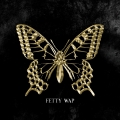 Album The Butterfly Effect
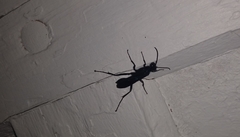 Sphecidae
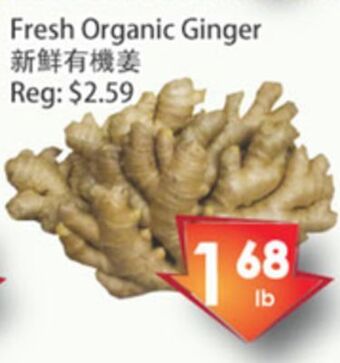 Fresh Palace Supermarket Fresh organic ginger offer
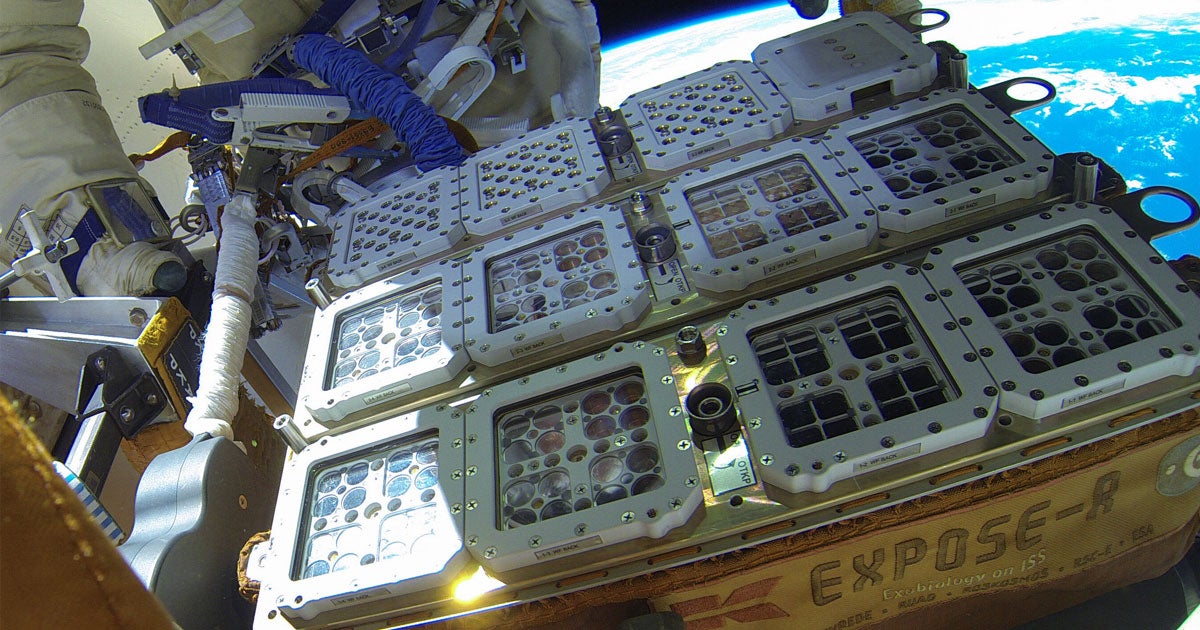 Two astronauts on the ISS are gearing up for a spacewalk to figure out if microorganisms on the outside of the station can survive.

— EXERCISE GOAL —
Each line of the data should be printed again exactly. Please leave pictures out.

— RESPONSE TO THE EXERCISE —
 Album The Butterfly Effect
 Sphecidae
 Fresh Palace Supermarket Fresh organic ginger offer
 Two astronauts on the ISS are gearing up for a spacewalk to figure out if microorganisms on the outside of the station can survive.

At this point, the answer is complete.